The Civil War Prisons Message Board

Re: Novelty, Missouri
In Response To: Novelty, Missouri ()

Sue,

You probably should have placed this query in "The Missouri in the Civil War Message Board" in this same series, but I occasionally check this forum just in case somebody needs help with one of the Missouri area military prisons.

Actually, the capture took place on 26 January 1862 as part of a large migration of southern men from the several counties of NE MO still known today as "Little Dixie" trying to infiltrate through Union patrols to get south to Arkansas to the Confederate army there. One such travelling group of 11 men from Scotland County led by Major Ben Shacklett was captured in Novelty, south-central Knox County, by a patrol of the Union 7th Missouri Cavalry out from their Macon City garrison. (Source: Broadfoot Publishing Company, "Supplement to the 'Official Records,' Part 2, vol. 35, 7th Missouri Cavalry [Union], p. 385. There is a brief mention of this event on page 19 of Bruce Nichols' 2004 "Guerrilla Warfare in Civil War Missorui, vol. I, 1862" published by McFarland and Company.)

The Union patrol evidently took the prisoners with them to their Macon City post where they were shipped under guard on the Hannibal to St. Joseph Railroad to the North Missouri Railroad to St. Louis. There the prisoners were transferred by boat to the Alton Military Prison across the Mississippi River to Alton, IL to the former condemned Illinois State Penitentiary that the Federals leased to handle and house POWs and other prisoners taken in the West.

Joanne Chiles Eakin's 1995 book "Missouri Prisoners of War" (short version of very long title) is actually an alphabetical listing from the POW microfilm of the National Archives and Records Administration of the Union general ledgers of POWs and other prisoners they held, and Eakin has entries both for Andrew J. Dewitt and his commander Major Benjamin Schacklett and probably several of the other of the 11 men captured 26 January 1862 at Novelty. The entry she shows for Dewitt states in effect Private Andrew j. Dewitt of Scotland County captured at Novelty, Mo on 28 Janauary 1862 (the Union clerk made the error on the date), sent to Alton Il prison, where the remarks column shows Dewitt escaped 25 July 1862. (Source: The 1860 Missouri census shows a household for Andrew J. Dewitt on the census-taker's page 949 in Harrison Township of the southeast corner of Scotland County not far from the Clark County line.)
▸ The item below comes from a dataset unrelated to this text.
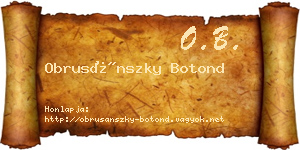 Obrusánszky Botond névjegykártya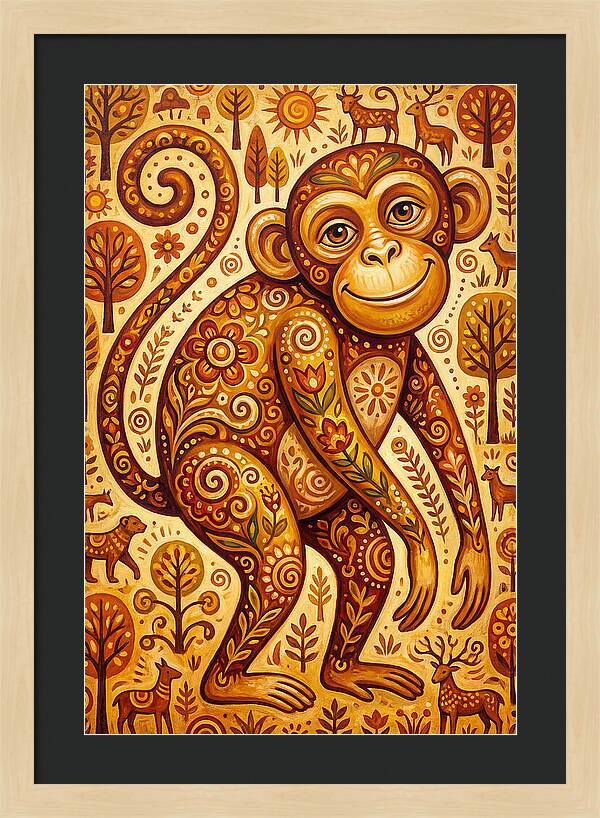 Folk Art Monkey Delight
Private Dewitt was part of the largest escape from any of the Missouri area military prisons on the night of 25 and 26 July 1862 when 35 Confederate POWs (including several facing death sentences for violation of oaths given earlier than their capture to Union troops at a previous time) dug a tunnel close to one of the prison's exterior walls and bribed a Union guard to look the other way while they climbed out and walked away. Actually, the POWs spent many days digging the tunnel from the wash building, and one of the diggers spent so much time on his back digging with prison steel spoons that his hair rubbed off the back of his head. The escapees had such a good head start that Union pursuers were only able to recapture a few of them. (Source: There are several sources for this great escape, but they are listed in the endnote for the account of this in Nichols' book cited above on pages 126-7 in the endnote number 49 found in the Notes section at the back on page 224. This book is still available for sale, or you could view it for a small fee through your local library via Interlibrary Loan. Yes, I am the author.)

I have no record of what became of Dewitt after his escape from the Alton Military Prison. Can you fill me in on what happened to him next? Did he go back into the Confederate Army? Did he attempt to go home to Scotland County, or did he leave Missouri and start anew someplace else?